The best and best-value restaurants are always off the beaten track – and that does not mean you have to walk miles to find them. A terrible meal on La Rambla in Barcelona or in the shadow of the Vatican’s walls will cost you €40. A lovely meal 100m down almost any side street will cost half that.
It has never been easier to find nice restaurants that represent great value for money. Trip Advisor is a go-to website when it comes to finding hotels, not necessarily to book but to find out what other people think of the places you are considering. It also has a great restaurant finder that uses your phone’s geo-location software to identify the best places to eat near exactly where you are standing and then guide you to them. We have used this on multiple occasions and it has never let us down.

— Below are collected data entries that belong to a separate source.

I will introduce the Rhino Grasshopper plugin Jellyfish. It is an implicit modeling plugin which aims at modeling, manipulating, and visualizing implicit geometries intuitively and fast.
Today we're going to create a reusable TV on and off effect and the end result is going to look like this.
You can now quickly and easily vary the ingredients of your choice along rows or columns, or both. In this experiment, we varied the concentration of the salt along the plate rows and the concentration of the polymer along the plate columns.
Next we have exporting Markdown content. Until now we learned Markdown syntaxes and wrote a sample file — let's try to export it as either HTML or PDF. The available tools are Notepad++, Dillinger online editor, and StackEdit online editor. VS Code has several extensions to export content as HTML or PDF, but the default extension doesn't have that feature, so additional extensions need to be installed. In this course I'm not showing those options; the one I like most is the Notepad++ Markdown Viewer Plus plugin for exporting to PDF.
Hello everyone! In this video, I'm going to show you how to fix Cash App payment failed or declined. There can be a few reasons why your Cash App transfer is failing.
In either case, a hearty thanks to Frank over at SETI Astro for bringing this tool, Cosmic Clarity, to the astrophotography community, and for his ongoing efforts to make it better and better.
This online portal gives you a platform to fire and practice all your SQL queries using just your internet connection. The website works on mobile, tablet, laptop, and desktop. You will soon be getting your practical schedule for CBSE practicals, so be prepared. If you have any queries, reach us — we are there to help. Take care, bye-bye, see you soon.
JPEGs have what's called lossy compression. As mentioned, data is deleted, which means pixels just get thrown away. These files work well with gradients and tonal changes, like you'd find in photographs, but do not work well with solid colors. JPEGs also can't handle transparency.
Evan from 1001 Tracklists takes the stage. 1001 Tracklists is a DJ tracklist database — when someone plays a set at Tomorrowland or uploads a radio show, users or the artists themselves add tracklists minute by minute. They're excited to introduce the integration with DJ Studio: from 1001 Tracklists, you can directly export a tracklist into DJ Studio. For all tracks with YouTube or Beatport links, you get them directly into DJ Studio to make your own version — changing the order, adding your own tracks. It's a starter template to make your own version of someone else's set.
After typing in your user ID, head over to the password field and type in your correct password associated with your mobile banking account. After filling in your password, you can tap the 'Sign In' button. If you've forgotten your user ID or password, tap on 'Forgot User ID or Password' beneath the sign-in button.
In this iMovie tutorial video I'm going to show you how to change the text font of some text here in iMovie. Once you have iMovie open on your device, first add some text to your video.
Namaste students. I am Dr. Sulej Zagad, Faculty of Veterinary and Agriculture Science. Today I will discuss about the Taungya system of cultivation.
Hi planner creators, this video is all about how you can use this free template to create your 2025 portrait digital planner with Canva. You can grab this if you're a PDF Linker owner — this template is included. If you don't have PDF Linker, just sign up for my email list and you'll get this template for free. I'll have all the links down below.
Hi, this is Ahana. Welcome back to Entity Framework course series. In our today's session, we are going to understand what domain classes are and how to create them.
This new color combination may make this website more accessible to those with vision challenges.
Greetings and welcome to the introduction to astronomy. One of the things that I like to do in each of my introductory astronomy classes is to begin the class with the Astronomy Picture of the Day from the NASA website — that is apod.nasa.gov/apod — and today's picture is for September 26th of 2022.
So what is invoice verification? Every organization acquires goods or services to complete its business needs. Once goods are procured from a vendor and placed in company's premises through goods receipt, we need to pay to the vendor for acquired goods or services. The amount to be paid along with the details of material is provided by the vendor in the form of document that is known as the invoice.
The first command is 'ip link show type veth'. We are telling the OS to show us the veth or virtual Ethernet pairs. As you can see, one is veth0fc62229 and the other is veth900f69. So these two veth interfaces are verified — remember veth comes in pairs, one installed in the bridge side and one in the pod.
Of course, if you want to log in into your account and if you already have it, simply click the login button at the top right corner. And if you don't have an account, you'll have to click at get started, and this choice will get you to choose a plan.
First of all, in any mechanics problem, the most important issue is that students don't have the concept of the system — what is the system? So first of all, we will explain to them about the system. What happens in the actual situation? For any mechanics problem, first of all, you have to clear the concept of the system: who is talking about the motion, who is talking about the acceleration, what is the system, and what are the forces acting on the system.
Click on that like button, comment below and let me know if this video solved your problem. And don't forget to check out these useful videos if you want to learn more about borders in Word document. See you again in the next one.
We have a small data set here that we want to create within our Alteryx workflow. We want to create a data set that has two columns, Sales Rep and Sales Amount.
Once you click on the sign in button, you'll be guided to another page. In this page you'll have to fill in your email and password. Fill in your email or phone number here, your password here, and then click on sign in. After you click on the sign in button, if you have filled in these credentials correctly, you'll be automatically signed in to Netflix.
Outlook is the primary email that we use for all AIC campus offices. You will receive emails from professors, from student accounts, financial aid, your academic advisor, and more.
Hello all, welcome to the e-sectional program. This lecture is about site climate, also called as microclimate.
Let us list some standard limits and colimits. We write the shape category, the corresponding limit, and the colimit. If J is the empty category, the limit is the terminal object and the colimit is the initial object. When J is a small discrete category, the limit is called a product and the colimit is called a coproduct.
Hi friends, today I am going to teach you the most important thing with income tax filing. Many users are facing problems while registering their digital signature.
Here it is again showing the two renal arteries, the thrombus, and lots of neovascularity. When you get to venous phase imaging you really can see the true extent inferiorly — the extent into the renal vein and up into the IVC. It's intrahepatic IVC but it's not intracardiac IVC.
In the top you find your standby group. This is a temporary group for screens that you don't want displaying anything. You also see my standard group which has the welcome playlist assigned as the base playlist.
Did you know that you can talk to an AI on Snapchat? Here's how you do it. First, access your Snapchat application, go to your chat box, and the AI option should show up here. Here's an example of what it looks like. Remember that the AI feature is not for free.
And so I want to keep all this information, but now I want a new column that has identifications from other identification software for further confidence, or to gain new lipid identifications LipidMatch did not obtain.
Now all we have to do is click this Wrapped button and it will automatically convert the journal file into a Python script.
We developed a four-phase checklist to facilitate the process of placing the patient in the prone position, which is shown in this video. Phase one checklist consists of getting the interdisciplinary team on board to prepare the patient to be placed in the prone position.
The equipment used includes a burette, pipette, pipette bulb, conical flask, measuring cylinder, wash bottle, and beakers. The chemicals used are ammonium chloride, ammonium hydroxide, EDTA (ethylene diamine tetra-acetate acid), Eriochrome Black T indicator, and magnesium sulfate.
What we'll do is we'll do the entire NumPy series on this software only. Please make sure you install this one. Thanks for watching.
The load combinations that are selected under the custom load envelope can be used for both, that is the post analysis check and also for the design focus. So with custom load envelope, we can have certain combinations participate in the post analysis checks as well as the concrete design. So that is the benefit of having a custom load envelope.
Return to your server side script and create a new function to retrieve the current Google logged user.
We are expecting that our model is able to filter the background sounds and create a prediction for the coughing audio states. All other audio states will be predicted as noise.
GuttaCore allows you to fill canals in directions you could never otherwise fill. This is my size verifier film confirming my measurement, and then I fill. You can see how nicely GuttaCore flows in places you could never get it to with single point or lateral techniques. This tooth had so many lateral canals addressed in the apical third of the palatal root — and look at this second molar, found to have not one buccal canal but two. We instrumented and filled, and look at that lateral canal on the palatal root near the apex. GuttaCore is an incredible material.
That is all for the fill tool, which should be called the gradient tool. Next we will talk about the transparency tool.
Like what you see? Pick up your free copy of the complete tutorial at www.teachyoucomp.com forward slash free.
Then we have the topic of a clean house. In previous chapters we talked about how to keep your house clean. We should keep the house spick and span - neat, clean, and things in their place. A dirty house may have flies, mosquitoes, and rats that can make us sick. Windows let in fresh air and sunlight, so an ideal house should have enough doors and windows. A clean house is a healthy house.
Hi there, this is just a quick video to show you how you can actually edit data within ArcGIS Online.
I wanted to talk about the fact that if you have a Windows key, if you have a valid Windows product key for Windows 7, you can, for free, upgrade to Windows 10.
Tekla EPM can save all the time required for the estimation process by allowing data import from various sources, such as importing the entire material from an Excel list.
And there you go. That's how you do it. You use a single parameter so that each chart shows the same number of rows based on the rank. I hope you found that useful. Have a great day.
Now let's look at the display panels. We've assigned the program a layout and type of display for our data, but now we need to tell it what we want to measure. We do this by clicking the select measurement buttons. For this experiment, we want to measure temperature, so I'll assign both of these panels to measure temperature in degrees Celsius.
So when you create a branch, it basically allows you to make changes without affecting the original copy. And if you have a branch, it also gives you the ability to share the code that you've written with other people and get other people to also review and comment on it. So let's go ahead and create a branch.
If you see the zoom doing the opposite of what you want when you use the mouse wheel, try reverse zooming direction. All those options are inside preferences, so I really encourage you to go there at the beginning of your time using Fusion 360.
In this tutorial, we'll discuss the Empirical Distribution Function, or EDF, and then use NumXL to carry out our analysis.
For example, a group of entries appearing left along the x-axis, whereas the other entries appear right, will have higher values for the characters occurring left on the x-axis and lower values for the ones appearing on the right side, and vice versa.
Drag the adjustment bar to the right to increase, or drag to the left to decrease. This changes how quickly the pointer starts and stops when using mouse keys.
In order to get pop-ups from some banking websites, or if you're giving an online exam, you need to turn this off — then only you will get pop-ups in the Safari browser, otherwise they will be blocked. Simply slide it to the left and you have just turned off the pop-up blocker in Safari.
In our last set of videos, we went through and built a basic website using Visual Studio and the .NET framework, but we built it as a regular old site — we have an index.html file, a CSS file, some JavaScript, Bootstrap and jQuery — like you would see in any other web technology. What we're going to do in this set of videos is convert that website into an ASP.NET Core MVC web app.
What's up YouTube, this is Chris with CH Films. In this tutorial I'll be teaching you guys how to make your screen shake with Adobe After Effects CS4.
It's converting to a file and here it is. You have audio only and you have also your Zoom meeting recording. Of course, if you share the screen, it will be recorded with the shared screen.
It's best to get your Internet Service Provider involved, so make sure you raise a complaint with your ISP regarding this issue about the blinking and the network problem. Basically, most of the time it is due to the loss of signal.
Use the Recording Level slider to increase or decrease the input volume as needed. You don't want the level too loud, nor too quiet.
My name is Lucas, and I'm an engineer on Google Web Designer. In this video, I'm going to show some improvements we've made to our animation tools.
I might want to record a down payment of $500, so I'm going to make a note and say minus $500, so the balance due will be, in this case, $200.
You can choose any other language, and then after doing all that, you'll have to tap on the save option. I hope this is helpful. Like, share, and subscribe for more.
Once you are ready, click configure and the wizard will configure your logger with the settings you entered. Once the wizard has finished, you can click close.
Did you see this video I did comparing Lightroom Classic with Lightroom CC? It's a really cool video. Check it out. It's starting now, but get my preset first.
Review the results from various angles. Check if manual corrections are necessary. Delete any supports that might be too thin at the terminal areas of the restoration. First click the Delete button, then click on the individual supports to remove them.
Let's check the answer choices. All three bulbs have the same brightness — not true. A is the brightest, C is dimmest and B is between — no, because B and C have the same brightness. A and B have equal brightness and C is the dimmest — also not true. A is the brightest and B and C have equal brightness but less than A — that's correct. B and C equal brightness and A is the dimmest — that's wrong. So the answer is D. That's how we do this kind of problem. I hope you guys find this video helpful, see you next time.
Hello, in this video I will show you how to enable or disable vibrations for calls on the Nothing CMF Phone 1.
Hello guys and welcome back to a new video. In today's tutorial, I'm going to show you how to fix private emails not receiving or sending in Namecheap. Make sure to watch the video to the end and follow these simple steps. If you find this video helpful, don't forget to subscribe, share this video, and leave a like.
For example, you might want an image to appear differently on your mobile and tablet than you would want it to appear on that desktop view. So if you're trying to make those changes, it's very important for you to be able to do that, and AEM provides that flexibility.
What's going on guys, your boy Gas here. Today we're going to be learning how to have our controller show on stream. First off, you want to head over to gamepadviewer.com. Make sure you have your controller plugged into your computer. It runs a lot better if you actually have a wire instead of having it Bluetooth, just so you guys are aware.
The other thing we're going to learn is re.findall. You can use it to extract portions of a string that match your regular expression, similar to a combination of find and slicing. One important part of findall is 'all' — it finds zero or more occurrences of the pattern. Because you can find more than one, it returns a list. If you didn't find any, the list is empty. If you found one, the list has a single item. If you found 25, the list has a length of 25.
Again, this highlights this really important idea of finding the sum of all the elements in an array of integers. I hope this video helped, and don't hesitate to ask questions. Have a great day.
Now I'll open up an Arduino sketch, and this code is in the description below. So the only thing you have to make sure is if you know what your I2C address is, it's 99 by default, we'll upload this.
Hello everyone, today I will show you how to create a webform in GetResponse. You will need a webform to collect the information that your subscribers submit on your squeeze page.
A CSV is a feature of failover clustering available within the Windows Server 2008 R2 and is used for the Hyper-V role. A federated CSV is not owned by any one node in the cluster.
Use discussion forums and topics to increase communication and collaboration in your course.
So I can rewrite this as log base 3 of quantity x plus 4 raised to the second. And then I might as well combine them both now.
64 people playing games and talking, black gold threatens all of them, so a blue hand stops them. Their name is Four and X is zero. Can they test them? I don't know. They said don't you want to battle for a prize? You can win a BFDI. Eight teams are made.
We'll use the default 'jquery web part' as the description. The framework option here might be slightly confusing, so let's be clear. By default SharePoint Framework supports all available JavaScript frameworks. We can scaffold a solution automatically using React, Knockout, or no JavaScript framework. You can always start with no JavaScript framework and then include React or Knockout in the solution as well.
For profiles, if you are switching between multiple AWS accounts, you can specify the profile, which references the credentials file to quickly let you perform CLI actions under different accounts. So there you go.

We have all grown a bit tired of the deal sites, right? There are only so many offers of STI testing, teeth whitening and yoga classes a person can get without growing weary. That is not to say they don’t have a place at home. They do, and some great bargains can be found on them. But they can also save you money when going on holidays. Sign up to online coupon services for the places you are planning to go. Do it well ahead of time and watch for all the restaurant and activity discounts that come in. When you see a bargain, buy it, stow it away and redeem it during your holiday. For the sake of full disclosure, we have never actually tried this but we have come across others who have and they do swear by it.
If you are travelling within Europe, it is important to remember to get – and bring with you – a European Health Insurance Card. These are free, and should allow you access to public hospitals across the EU at no cost. Even if you are leaving tomorrow, apply online now at ehic.ie – if you don’t yet have it, but have applied, the details can be faxed to your hospital of choice. It will not cover lost baggage, cancelled flights or transport home in an air ambulance. So while it is good to have, it should not be considered a replacement for insurance.